In December 2006, Russian deputy Industry and Energy Minister Ivan Matyorov said in Tehran that Iran had suggested cooperation with Russian oil and gas giants in developing new deposits. Russian state-controlled oil company Rosneft could soon start developing deposits in Iran, while LUKoil Overseas would develop Iran's Anaran deposit, he said. "[Iranians] would like to cooperate with Gazprom" in Iran and other countries, including Venezuela and Bolivia, he said. Such plans between Gazprom and Iranian companies in Venezuela and Bolivia could come as an apparent affront to Washington.

Russia's Gazprom has been already developing Iran South Pars phases 2 and 3, the giant gas field, near the border between Qatari and Iranian waters in the Persian Gulf. The gas field is estimated to contain around 812 trillion cubic feet (14 trillion cubic meters) of gas, equal to seven percent of the world's proven reserves and roughly 50 percent of Iran's.

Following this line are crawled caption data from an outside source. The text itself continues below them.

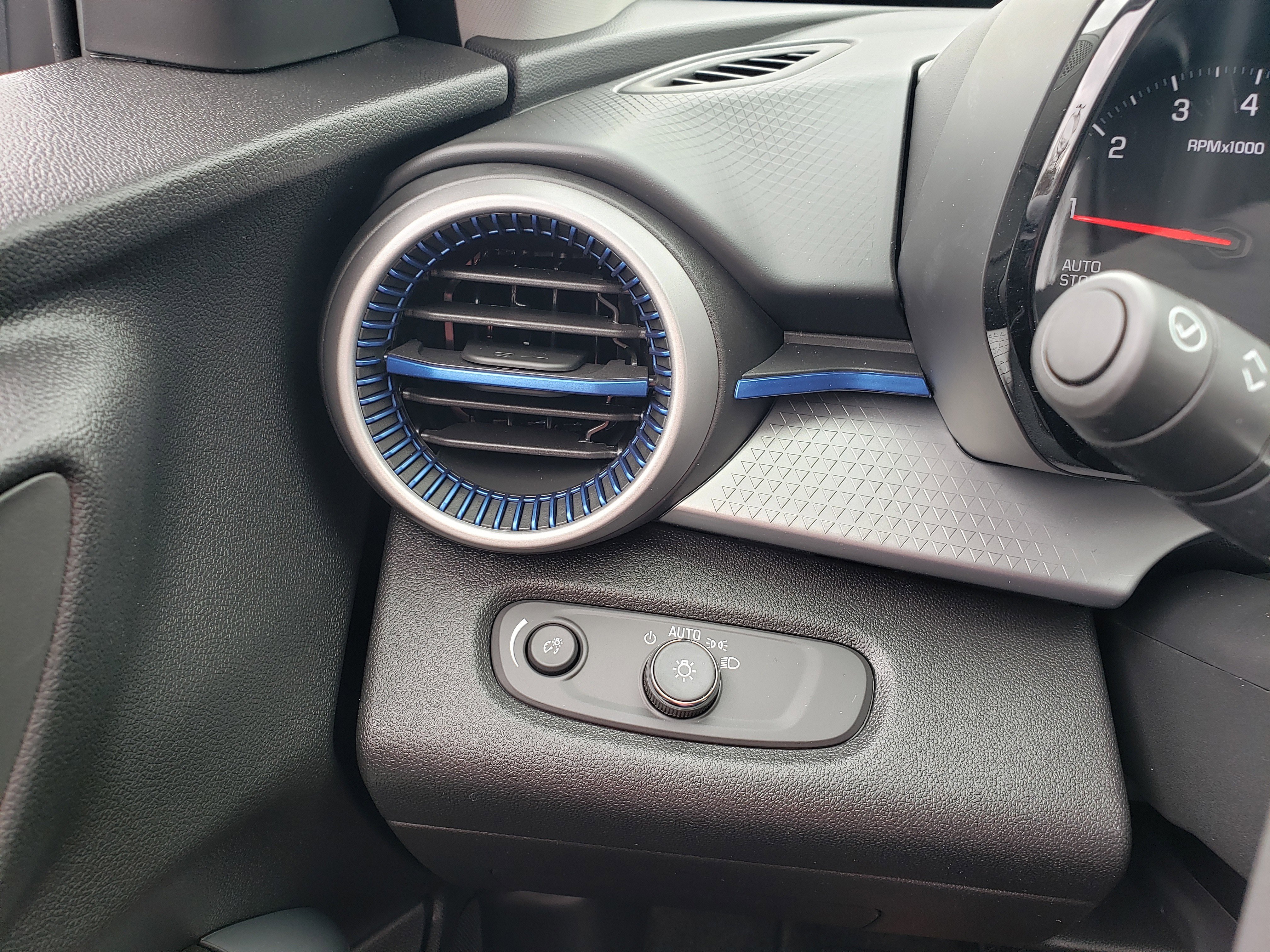 New 2026 Chevrolet Trax LS image 14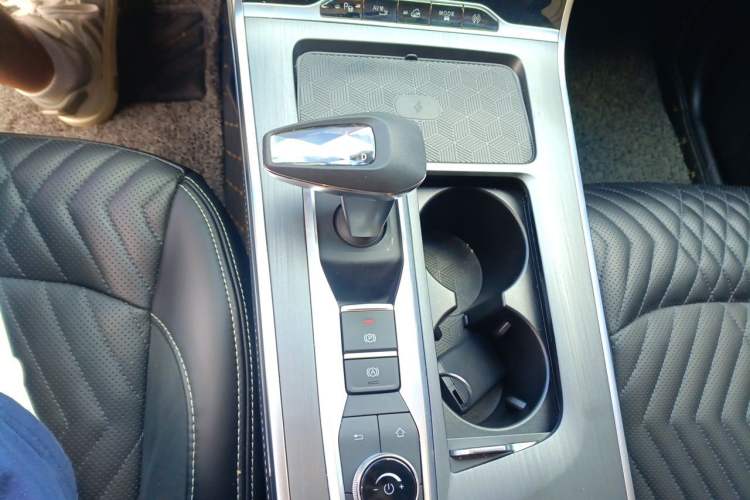 Used EXEED Lingyun 2023 400T Two-Wheel-Drive Star Prestige Edition Gear Lever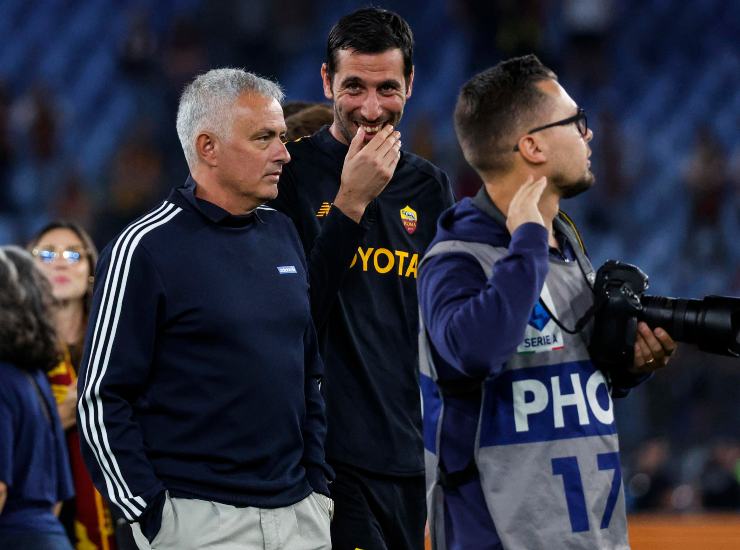 Mourinho un gesto dopo Roma-Spezia fa tranquillizzare i tifosi - NewsSportive.it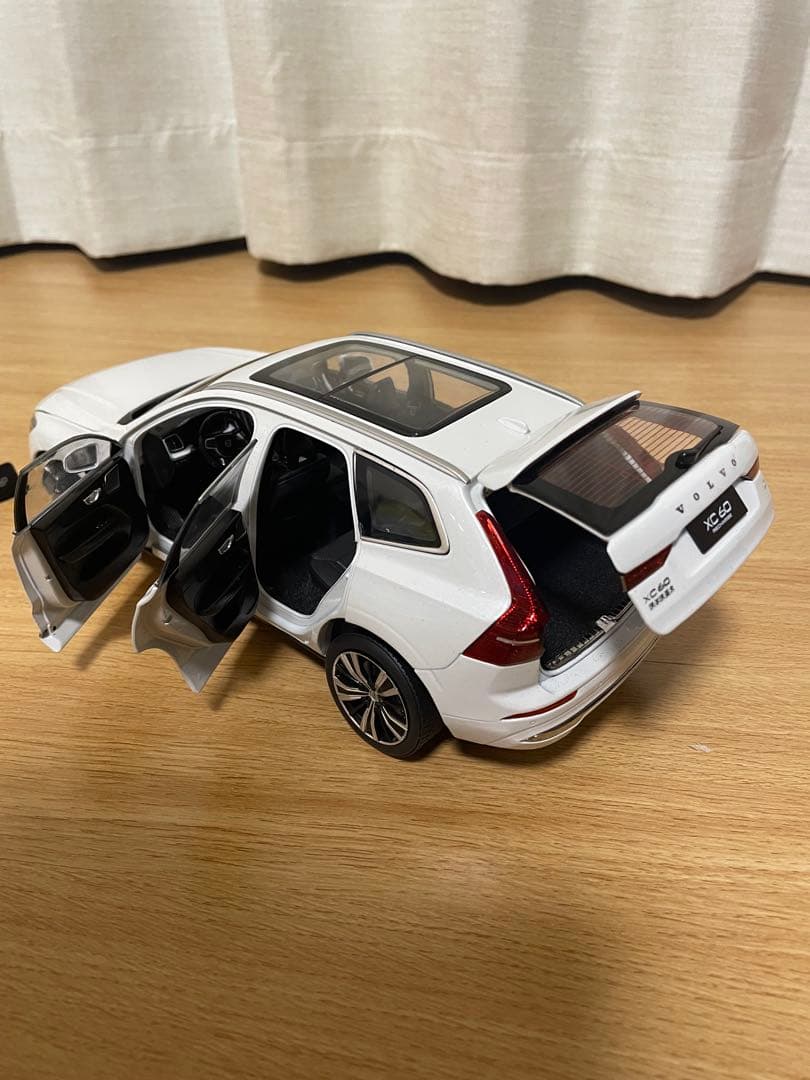 xc60 1/18 ミニカー　新品　即納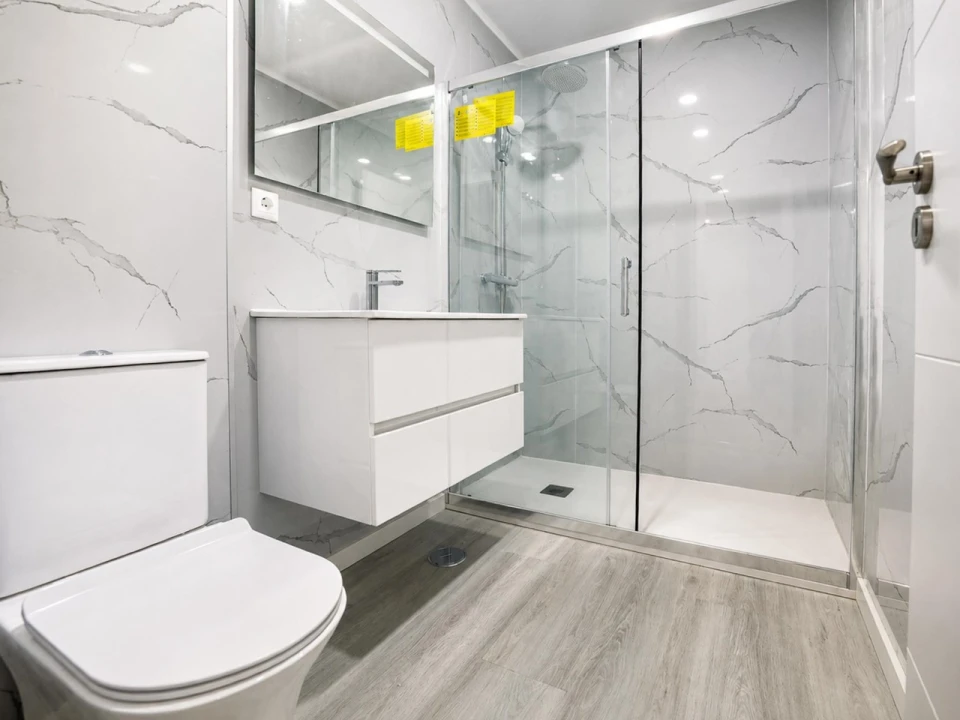 Apartamento T2 para Venda em Corroios Foto 8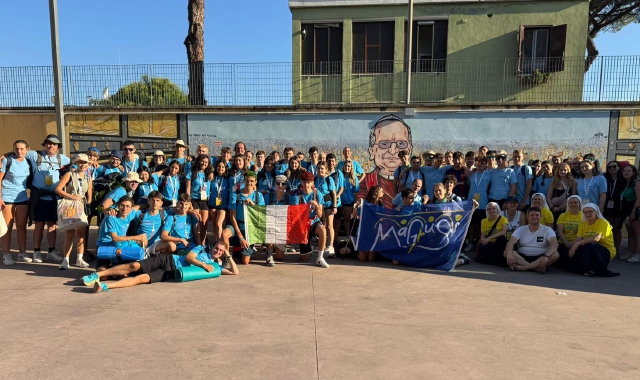 I ragazzi del decanatodi Varese che hanno partecipato al Giubileo dei Giovani con alcuni sacerdoti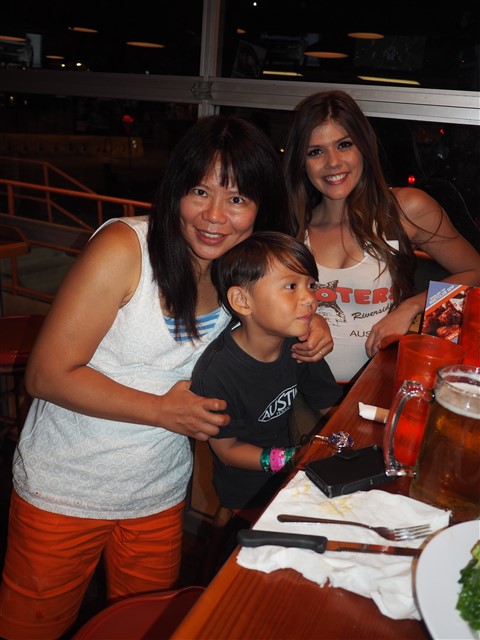 hooters austin long center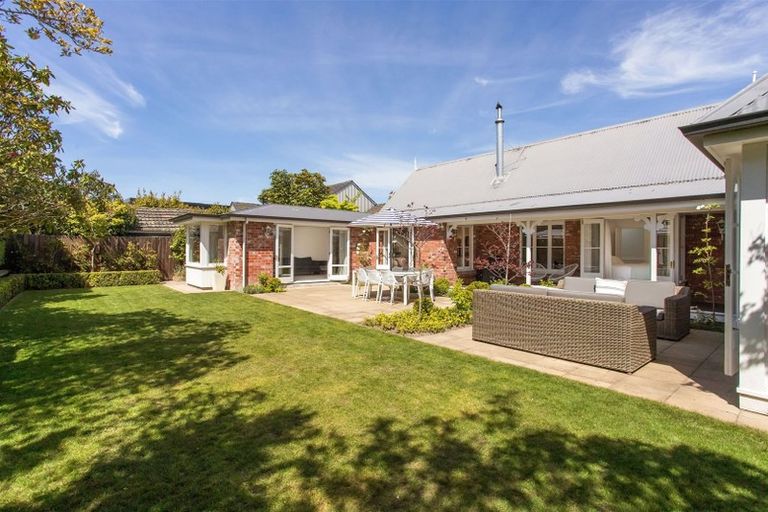 Photo of property in 40 Weka Street, Fendalton, Christchurch, 8041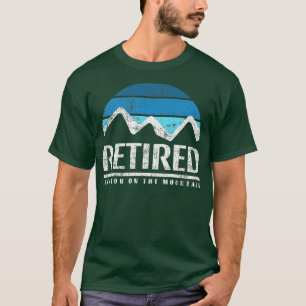 Vintage Im Ruhestand Winter Berg Schnee Skifahren T-Shirt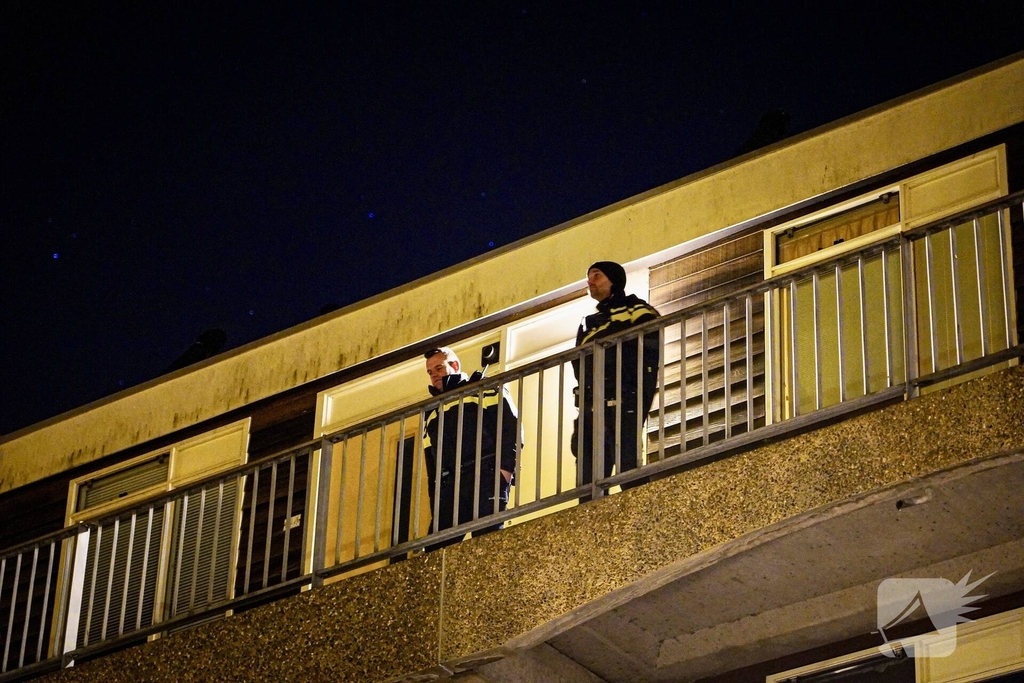 Vrouw overleden aangetroffen, man aangehouden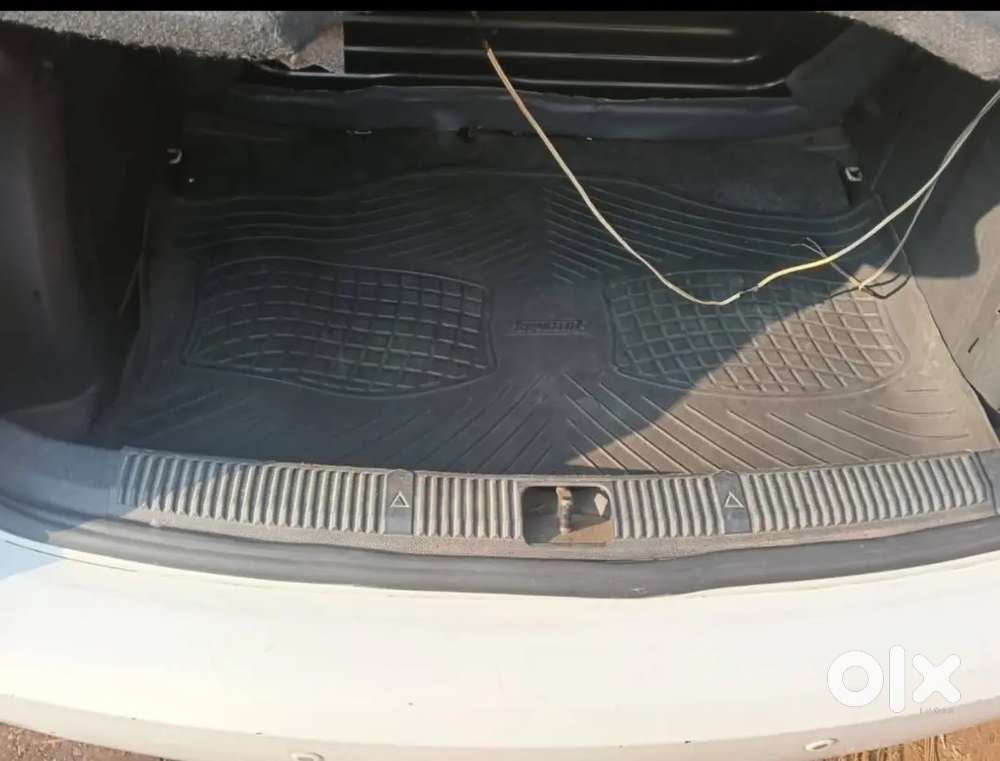 Skoda Fabia 2010 Petrol 64000 Km Driven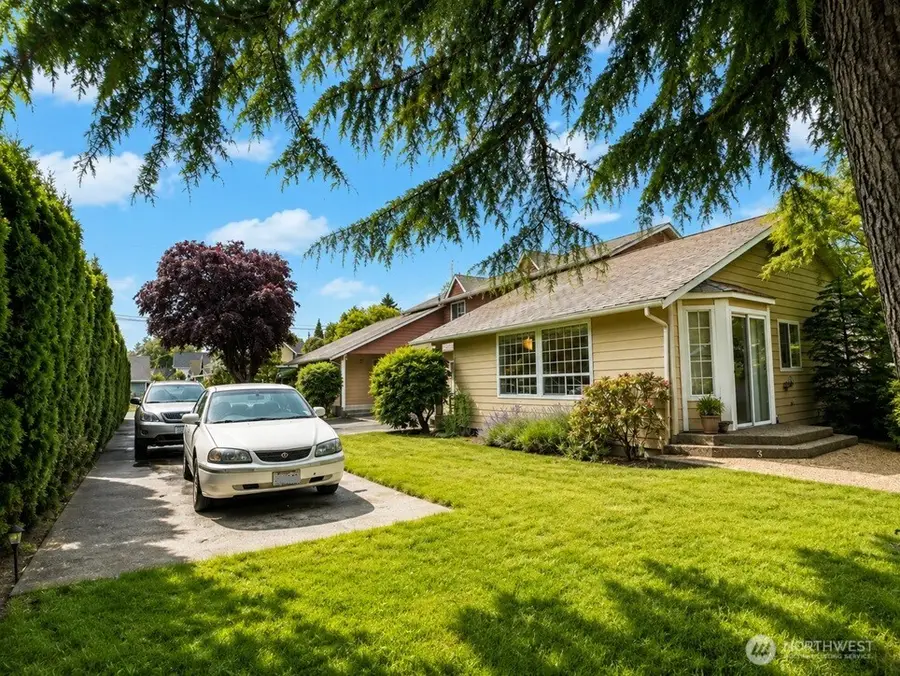 219 7th Street Ne, Puyallup, WA 98372 - #3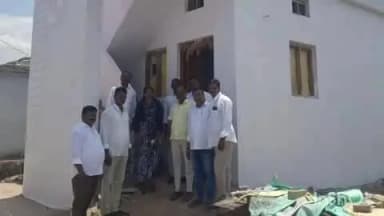 వికారాబాద్: గడిసింగాపూర్ గ్రామంలో ఇందిరమ్మ ఇండ్లను పరిశీలించిన అధికారులు, నాయకులు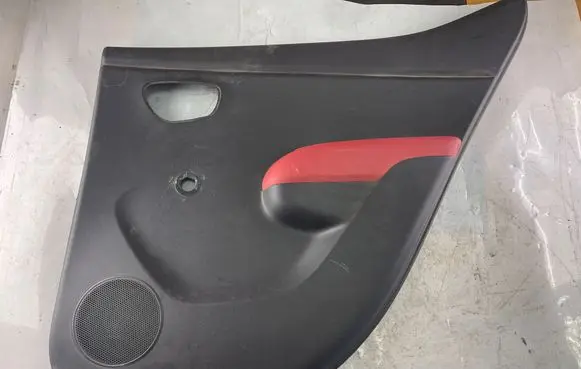 Hyundai i10 Rear door card panel trim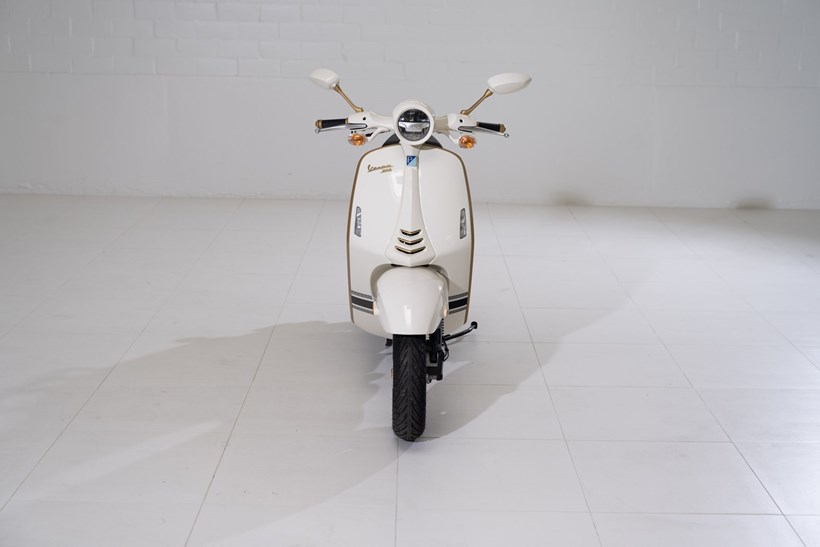 Vespa 946 Christian Dior Edition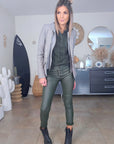 Pull vert kaki à manches arc-en-ciel fluo - 𝐌𝐚𝐫𝐢𝐧𝐚𝟒𝟒𝐟𝐚𝐦𝐢𝐥𝐲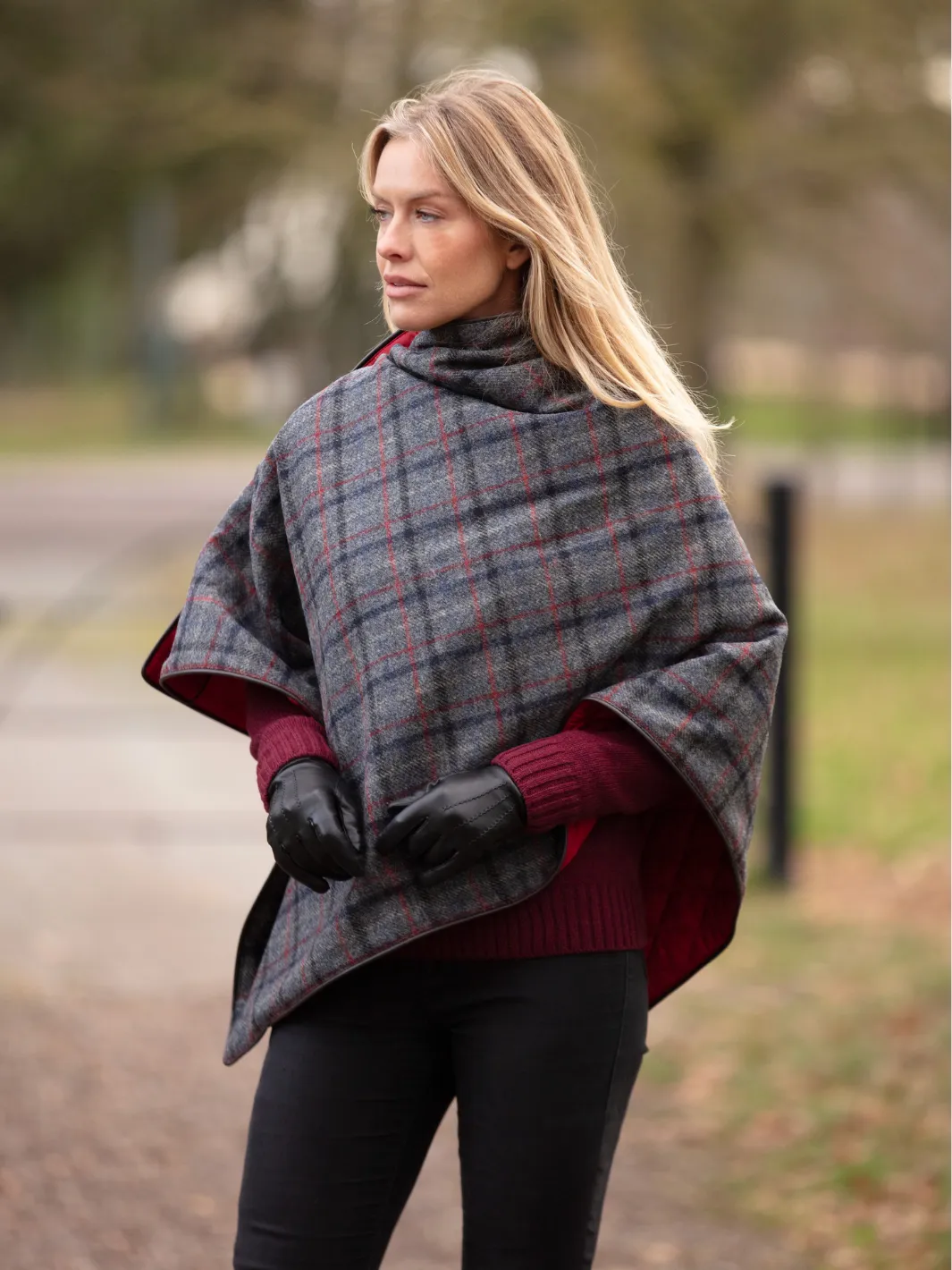 John Partridge Tweed Shawl sjal grå multirute, quiltfôr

Russia also mulled some major multilateral projects involving Iran. Russia, India and Iran signed an agreement on the development of the North-South corridor in September 2000.

Therefore, even apart from nuclear and arms deals, Russia still has a lot to gain, or loose, in terms of economic ties with Iran. Nonetheless, as Moscow's patience with Tehran has been wearing thin, the Kremlin now seems prepared to review its Iran policy, despite possible economic repercussions.